HakaiInstitute / hakai-ctd-qc

Series of tests applied to the Hakai CTD profile data based on the QARTOD tests and other Hakai Specific ones.
0 stars 0 forks source link

Hakai Profile QC tool integration #5

Closed JessyBarrette closed 2 years ago

JessyBarrette commented 2 years ago

Issue

The Hakai Profile QAQC tool needs to be integrated within the Hakai CTD profile workflow. This tool needs to be triggered when:

  1. Changes are added to the QCing method. New tests, new thresholds.
  2. New Profile has been processed

How to use the package

Once installed on a server, the tool could be triggered by sending a command line like:

python hakai_profile_qc.review -update_db -hakai_id [comma delimited list of hakai_id (ex: 080217_2017-01-08T18:03:05.167Z,080217_2017-01-26T16:56:39.000Z
)

Method

Once triggered, the tool would retrieve the data through the hakai-api from the view ctd.ctd_file_cast_data.

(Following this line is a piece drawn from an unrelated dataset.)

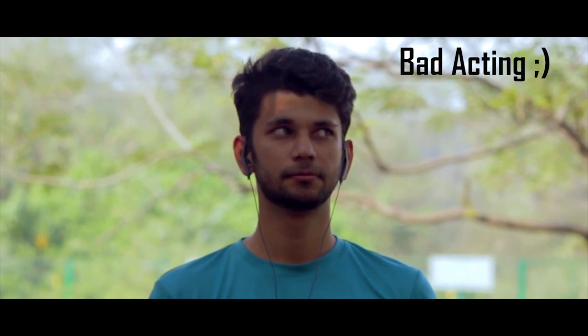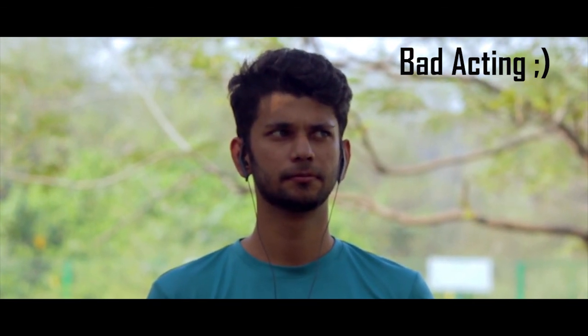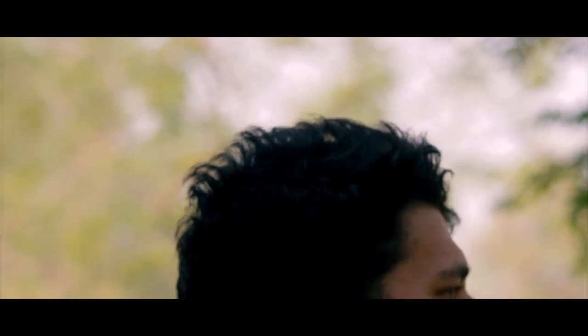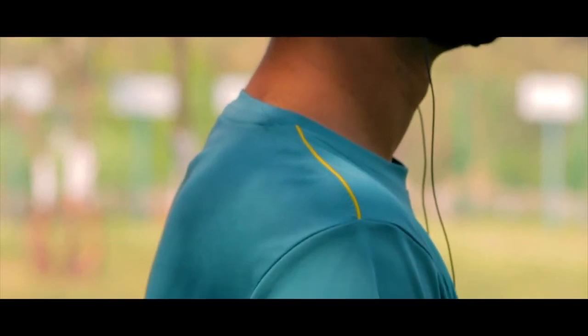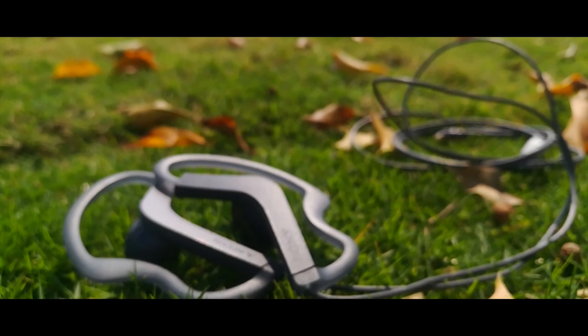Since it is not an in-ear bud, the noise isolation is pretty bad — you can hear a significant amount of surrounding sound, and sometimes it hinders with the music you're listening to. Also, while I said the bass is good, if you're an avid bass lover you will be slightly disappointed. Don't get me wrong — the majority of people would still like it.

It would then run a series of tests.

The main question is how to return those resulting flags back to the database. One potential way is to send back through the hakai-api a json string of the resulting data delimited per ctd_data_pk with each individual flag (level1 and level2). See the following jupyter notebook for an example: https://github.com/HakaiInstitute/hakai-profile-qaqc/blob/main/notebook/update-hakai-db-flags.ipynb

How to trigger

The tool can be triggered by the server by using the processing_stage column within ctd_cast table. Any cast available at the 8_*stage (8_rbr_processed or 8_binAvg) is ready to be qced. Once QCed and corresponding casts processing_stage can be move to the 9_qc_auto stage.

fostermh commented 2 years ago

I assumed the qc tool would run on a cron job, similar to the post processing script. it would look for any cast with 8_* processing level and do qc on it. Were you thinking something different?

JessyBarrette commented 2 years ago

Right ok sounds good to me!

JessyBarrette commented 2 years ago

The new script present here can potentially be use to trigger on a cronJob to qc any profiles not qced yet on the server.

The script apply the following steps:

  1. Query the database in the ctd.ctd_file_cast view for any casts in the processing_stages 8_rbr_processed or 8_binAvg. (A limit of 1000 was added for now since it seems like the database would fail to return limit=-1
  2. Then for 30 hakai_id (the limitation is the query length) at the time, it will download the corresponding data within ctd.ctd_file_cast_data and run the different tests to apply.
  3. Once the qc done, the script uploads the resulting flags within ctd.ctd_file_cast_data back to the database through the api and update the processing_stage of the correspond hakai_id.
  4. Start over again with another 30 hakai_id until the whole set is completed.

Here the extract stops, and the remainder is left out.